Here's the nice thing in the user code: FooImpl becomes a requirement for the user type Foo (when using foo_external) - if the user forgets to implement FooImpl for Foo, the compiler would kindly yell at you when calling foo_external(f)!
So it seems that the trait blanket implementation effectively have FooExternal bound on FooImpl - even the compiler error message (when the impl FooImpl for Foo is commented out) says:
Compiling playground v0.0.1 (/playground)
error[E0277]: the trait bound `Foo: FooImpl` is not satisfied
--> src/main.rs:49:18
|
49 | foo_external(f);
| ^ the trait `FooImpl` is not implemented for `Foo`
|
note: required because of the requirements on the impl of `FooExternal` for `Foo`
--> src/main.rs:23:18
|
23 | impl<T: FooImpl> FooExternal for T {
| ^^^^^^^^^^^ ^
note: required by a bound in `foo_external`
--> src/main.rs:11:25
|
11 | fn foo_external(f: impl FooExternal) {
| ^^^^^^^^^^^ required by this bound in `foo_external`
For more information about this error, try `rustc --explain E0277`.

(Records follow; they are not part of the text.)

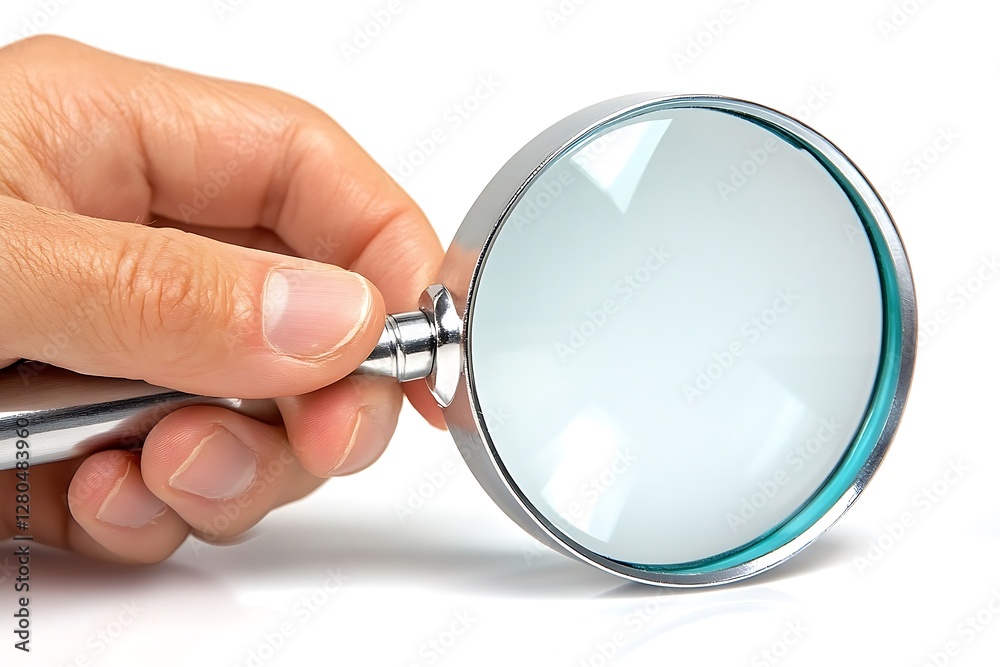 Hand holding magnifying glass on white background. Possible use Educational material, scientific illustrations, or general stock photography Hand holding magnifying glass on white background. Possible use Educational material, scientific illustrations, or general stock photography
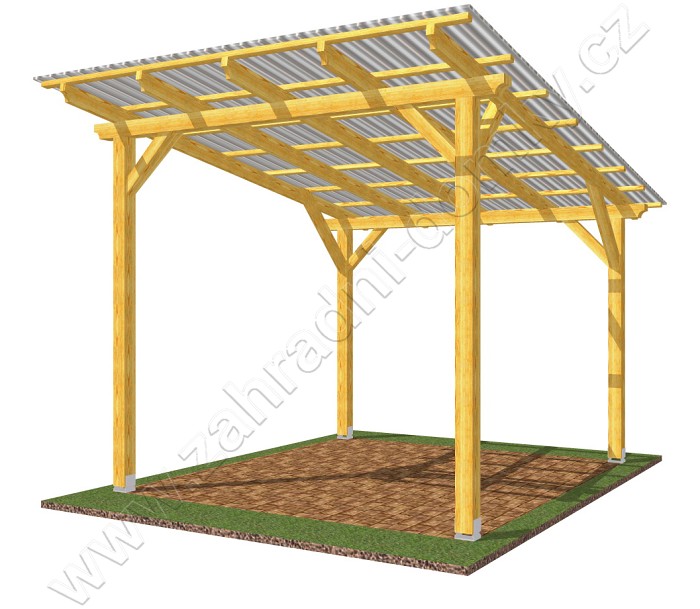 Pergola Standard 300x270, sklon krokví 10°, polykarbonát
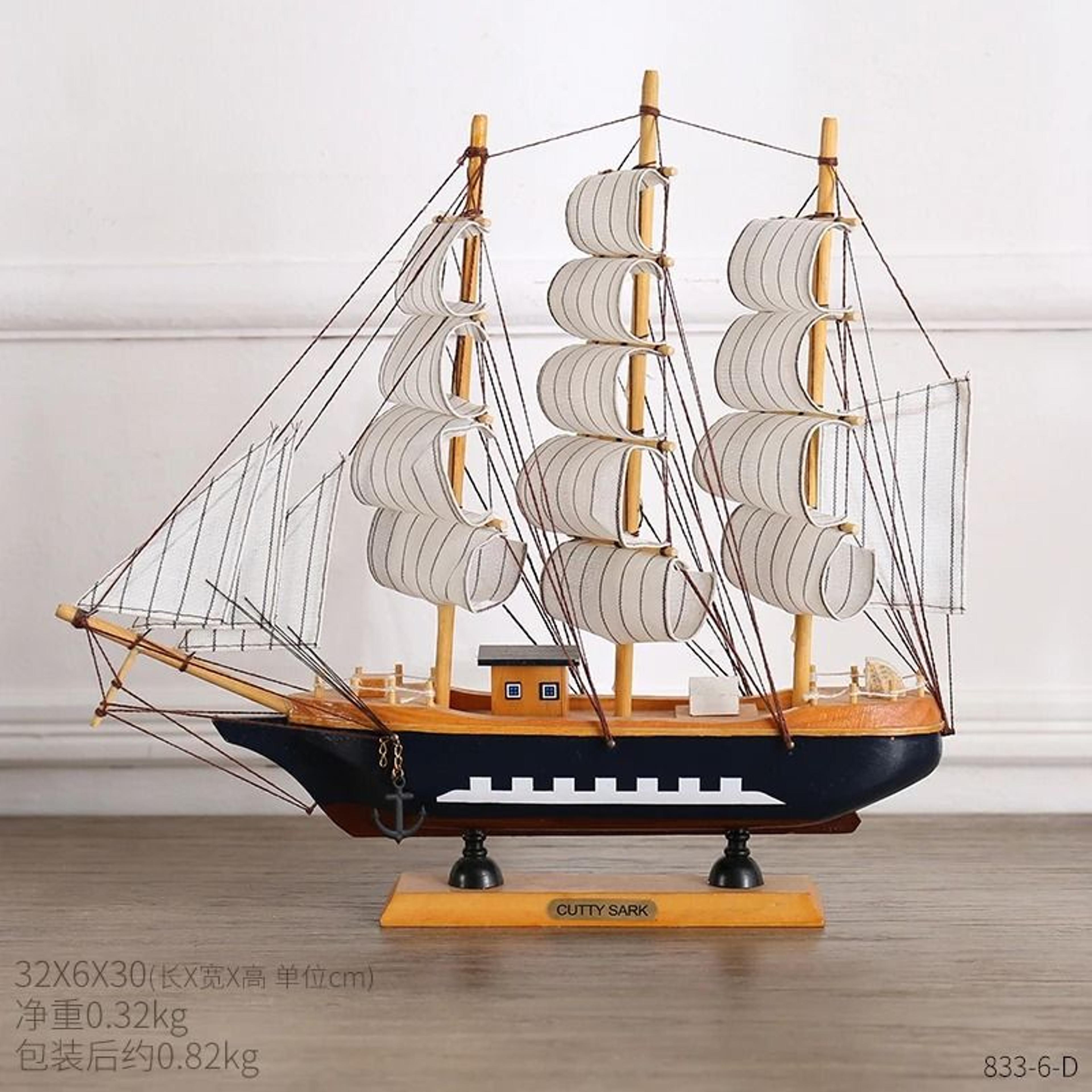 Vintage Wooden Sailboat Model  Mediterranean Style Nautical Home Decor And Creative Room Ornament 17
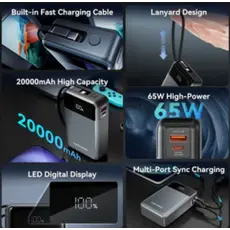 Portrait charger Vention FKDM0 20,000mAh Power Bank 65W With LED Display Gray, 3 image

error: could not compile `playground` due to previous error
So, I'm wondering that is trait blanket implementation ever designed to be used in such a scenario (basically tie FooImpl and FooExternal together, a little like extension trait trait FooExternal: FooImpl, but not quite!), and can I rely on this behavior to define my code generation logic to generate the library code as in the code sample?
Any insights would be greatly appreciated!